Wednesday, April 6, 2011

Wisconsin Republicans Posthumously Elect Emperor Norton as Ruler of America

MADISON, Wis. -- Since taking office, Governor Scott Walker has made some unpopular decisions, seemingly without regard for established procedures or laws. Walker’s dubious parliamentary tactic to push through massive cuts in compensation for public employees and curtail collective bargaining agreements caused Democrats to abandon their posts. The issue has also led to activists gathering signatures to recall all members of Walker’s Republican controlled Senate. More critically, Wisconsin voters on Tuesday sent Governor Walker a clear message about their displeasure with his strong-arming an anti-union rights bill through the Legislature by electing Democrat JoAnne Kloppenburg to the vacant seat in the state’s Supreme Court. Voters hope that Kloppenburg will rule against Walker when his law is inevitably challenged before the high court.

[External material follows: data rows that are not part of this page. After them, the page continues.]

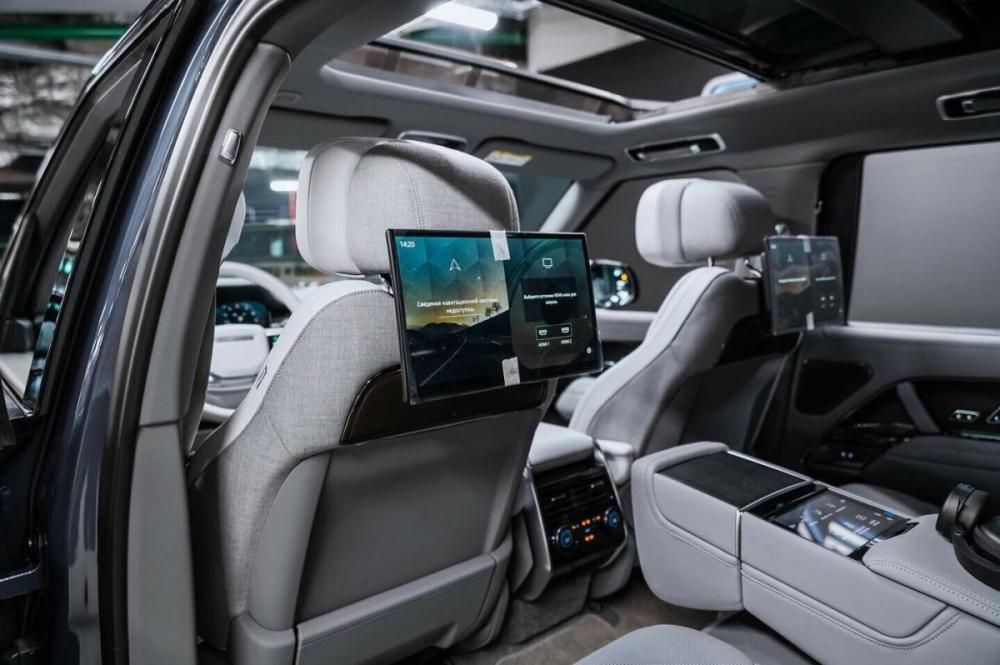 Land Rover Range Rover V Москва  - изображение 21
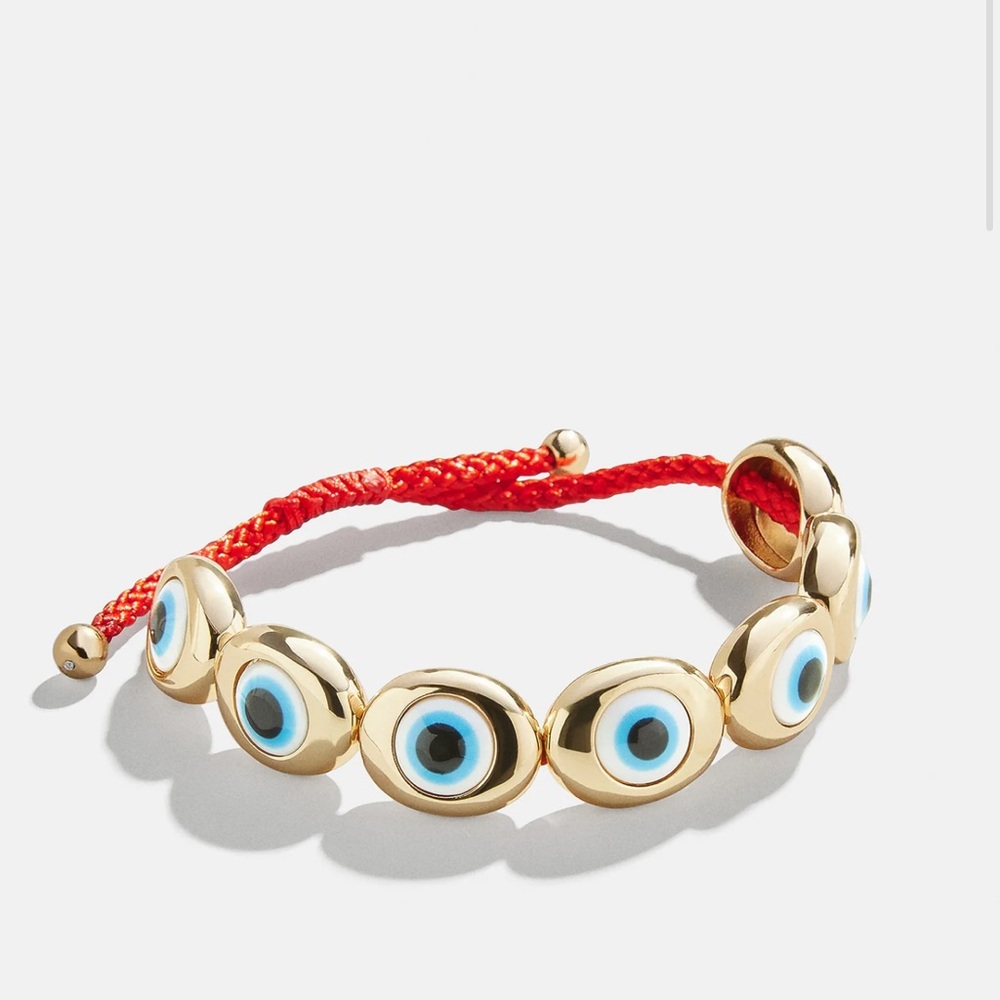 Baublebar evil eye bracelet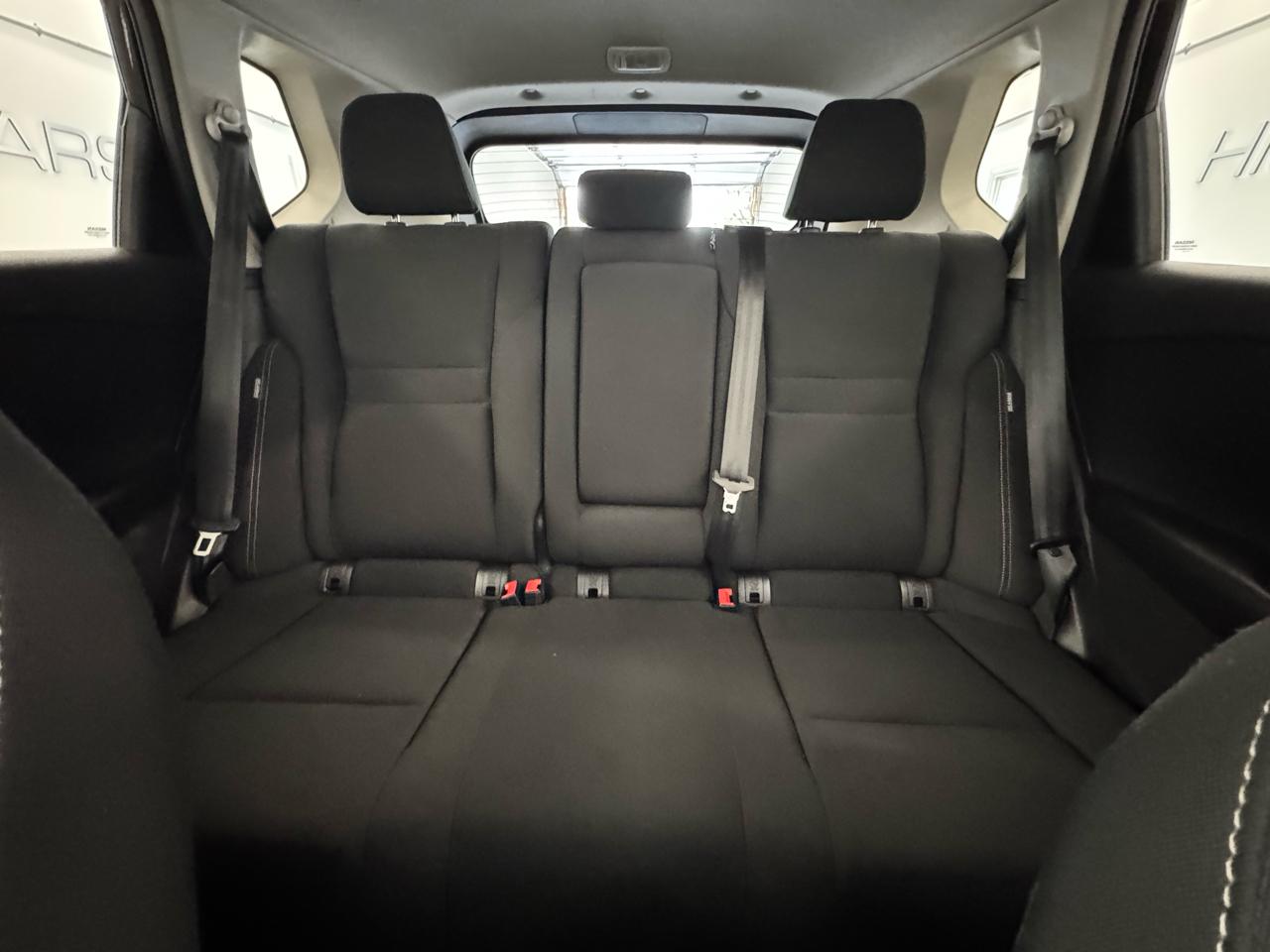Nissan Rogue AWD S 2024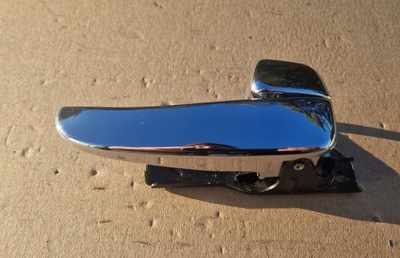 Kia magentis 2001 ручка внутренняя правый задняя задняя правая фото №1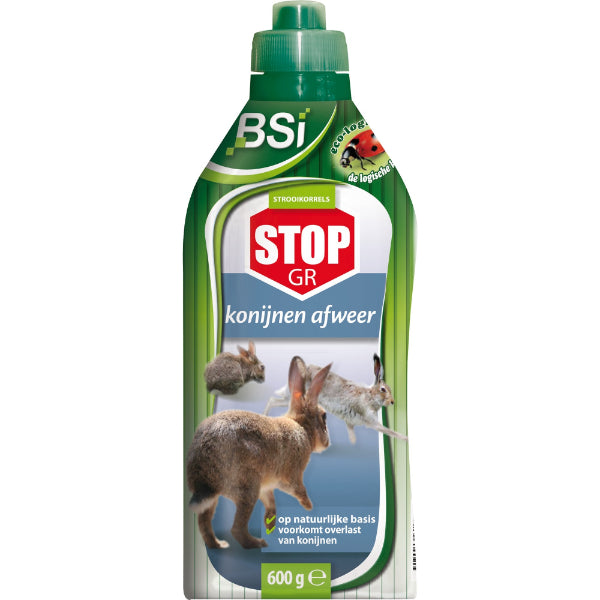 BSI - Konijnenafweer - 600 gr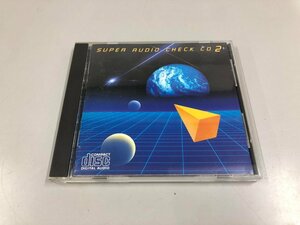 ★　【CD　SUPER AUDIO CHECK CD2】073-02310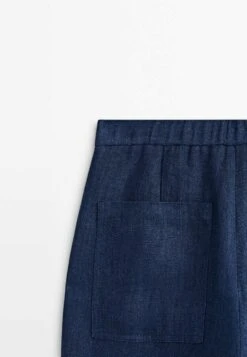 Massimo Dutti Co-Ordinated - Flared Jeans - Blue Denim -Massimo Dutti Shop 22cbd8961f034fb79ffb602f83e6676c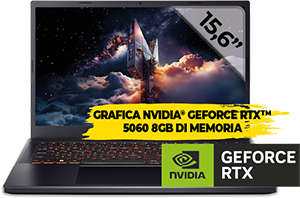 NOTEBOOK NITRO V 15 ANV15-52-95SC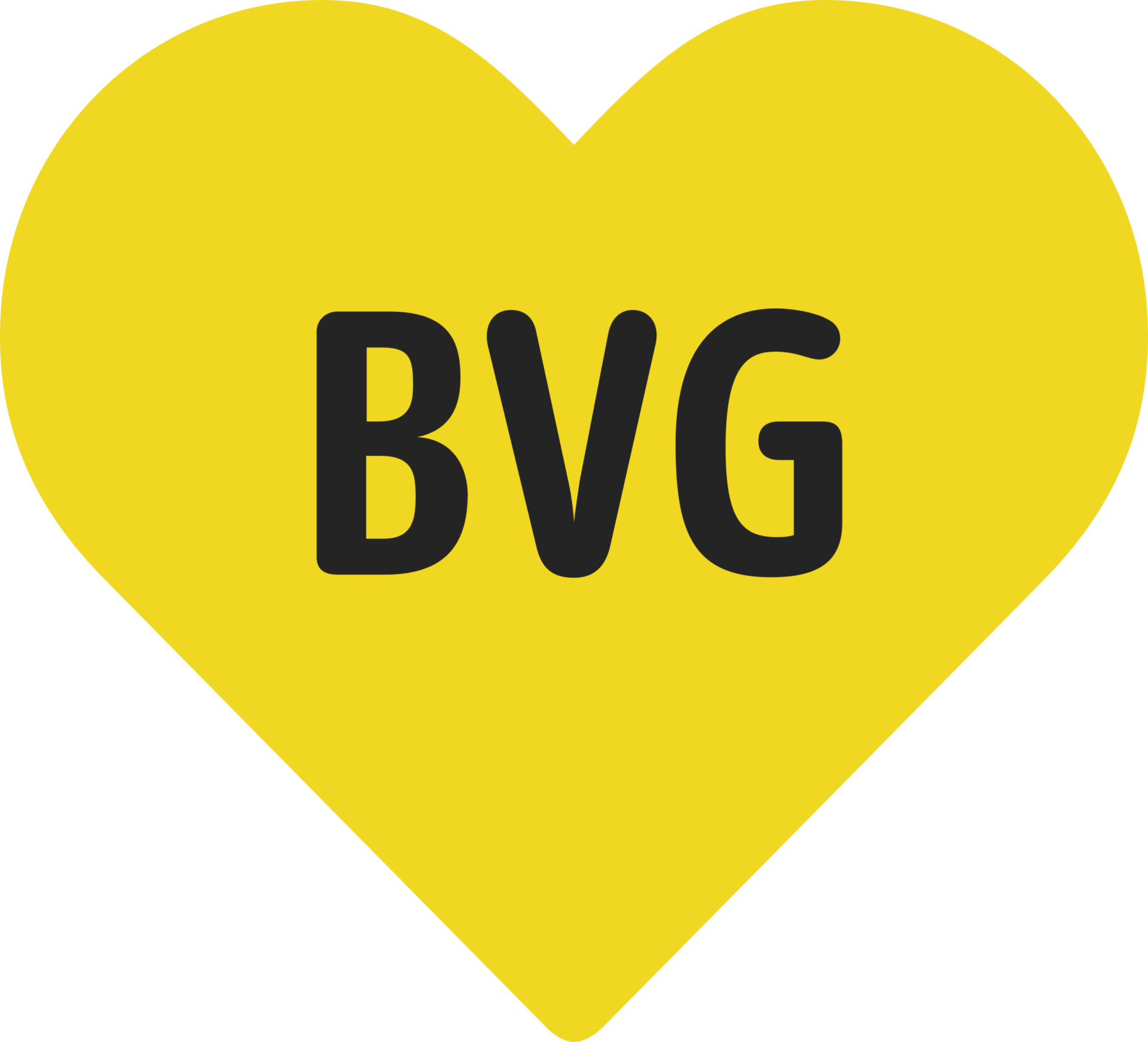Logo BVG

Even fearing the collapse of his regime, Walker today refused to back down and instead announced a startlingly brazen plan to abolish the United States Congress and the Office of the President by installing a deceased puppet dictator as Emperor of America.

Other Walker Controversies
In addition to the uproar over his radical budgetary reforms, Governor Walker also found himself in hot water this week when it was discovered that he had hired the son of a lobbyist friend for an $81,000 a year job in his administration.

Brian Deschane, 27, has no formal college education, but he does have multiple DUIs. Walker chose Deschane over two qualified candidates as head of environmental and regulatory affairs in the state Department of Commerce. The other candidates possess doctoral degrees, engineering skills, and decades of experience in relevant positions. They do not, however, have drunk driving convictions on their records, which Walker felt made them less appealing to voters.

“Wisconsin is an ‘everyman’ state,” Walker allegedly told aides. “People here want someone they can relate to, not snobbish academic elite.”

The revelation of Deschane’s position and salary has increased the friction between Walker and the angry citizens of Wisconsin, which likely influenced the election of Kloppenburg.

In Bizarre Move, Walker Orders the Dissolution of Congress
On December 16, 1773, after officials in Boston refused to return three shiploads of taxed tea to Britain, a group of colonists boarded the ships and destroyed the tea by throwing it into Boston Harbor. Scott Walker, a Tea Party Republican, today honored the spirit of that iconic protest with an act of defiance that political analysts have called the most extreme of its kind in U.S. history.

Governor Walker, before a delegation of Wisconsin lawmakers and reporters this afternoon, announced the posthumous installation of Joshua Abraham Norton -- the self-proclaimed Imperial Majesty Emperor Norton I -- as the sole ruler of the United States.

Norton was a British businessman who immigrated to the United States in 1849, landing in San Francisco, Calif. Shortly thereafter, he lost his fortune by investing in Peruvian rice -- not understanding at the time that “Peruvian rice” was Victorian-era slang for a narcotic derived from opium, coca leaves, and llama feces. Norton subsequently left San Francisco but returned a few years later, mentally unbalanced.

In 1859, having become a colorful and harmless fixture in the city, Norton proclaimed himself “Emperor of these United States.” Although the people of San Francisco viewed him as an eccentric odd-ball, they celebrated his regal presence, going so far as to honor his self-minted currency and his famous order to dissolve the United States Congress by force.

Norton died in 1880 on a street corner.

Despite Norton’s strange history and demise, Governor Scott Walker has exorcised his ghost and his calls to prevent Congress from assembling.

In this afternoon’s press conference, Walker appeared with a homeless man attired in a manner to evoke Emperor Norton’s unique appearance, and read from the 1859 imperial decree that summoned the army to depose the elected officials of the U.S. Congress:

WHEREAS, a body of men calling themselves the National Congress are now in session in Washington City, in violation of our Imperial edict of the 12th of October last, declaring the said Congress abolished;

WHEREAS, it is necessary for the repose of our Empire that the said decree should be strictly complied with;

NOW, THEREFORE, we do hereby Order and Direct Major-General Scott, the Command-in-Chief of our Armies, immediately upon receipt of this, our Decree, to proceed with a suitable force and clear the Halls of Congress.

Walker then announced that Wisconsin would ban the sale of homogenized milk “for obvious reasons.”

When pressed to clarify, Walker said, “It’s homo-genized. It creates homosexuals, get it? Says so right in the name. Why on earth would conservative, God-fearing Wisconsin dairy farmers continue this practice? We’re cutting collective bargaining out of the budget so we can funnel that tax revenue into meaningful programs like the Defense of Marriage Act. Homo-generating milk production ends today.”

Concluding his address, Walker was promptly rushed off the stage by concerned staffers and police escorts.